Erfassungseinrichtungen und Absaugtechnik haben die Aufgabe, Schweißrauche möglichst nahe an der Entstehungsstelle zu erfassen, abzuführen, zu reinigen und fortzuleiten oder, sofern gestattet, gereinigt in den Arbeitsbereich zurückzuführen. Dies klingt einfach und überzeugend, stellt in der Praxis aber häufig ein Problem dar. Große oder auch komplex geformte Bauteile und Konstruktionen machen meist ein ständiges manuelles Nachführen der Erfassungseinrichtungen erforderlich.

Reicht das Absaugen für die Einhaltung der Grenzwerte nicht aus, müssen weitergehende Maßnahmen ergriffen werden. Bei der Auswahl der Schutzmaßnahmen hilft Anhang 2 der TRGS 528. Im Schema der Entscheidungshilfe (siehe Abbildung) ist übersichtlich dargestellt, wie der Auswahlprozess umgesetzt werden kann. Das dort geschilderte Vorgehen bei der Auswahl der Schutzmaßnahmen für den Schweißer bedeutet keine grundsätzliche Abkehr von der Rangfolge der Maßnahmen und den Vorgaben der Gefahrstoffverordnung. Vielmehr wird das Erreichen des Schutzziels der Verordnung durch Umsetzung jeweils der tätigkeitsbezogen wirksamsten Maßnahmen beschrieben.

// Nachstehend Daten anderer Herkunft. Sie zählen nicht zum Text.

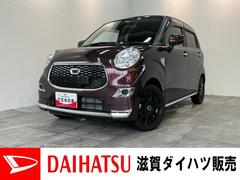 キャスト 中古車 スタイルＸ　ディスプレイオーディオ　バックカメラ　車検整備付ディスプレイオーディオ　ＤＶＤ再生　Ｂｌｕｅｔｏｏｔｈ　ＵＳＢ　バックカメラ　社外アルミホイール　電動格納式ミラー　オートエアコン　オートライト　スマートキー　エコアイドル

Entscheidend ist immer das Ergebnis der betrieblichen Gefährdungsbeurteilung und die daraus abgeleitete Auswahl der Schutzmaßnahmen. In das Schema ist die Erfahrung eingeflossen, dass bei einer nicht ausreichenden Absaugung auch die Installation von aufwendigen, technisch komplexen und sehr teuren raumlufttechnischen Anlagen allein häufig nicht die gewünschte Grenzwerteinhaltung sichert.

 

Die Grafik zeigt ein Flussdiagramm mit den Schutzmaßnahmen bei schweißtechnischen Arbeiten. Zur Erläuterung der örtlichen Zuordnung stehen bei einigen Arbeitsschritten grüne Kreise mit Zahlen, die rechts auf einem stilisierten Fabrikgebäude mit Strichmännchen nochmals die entsprechenden Stellen markieren.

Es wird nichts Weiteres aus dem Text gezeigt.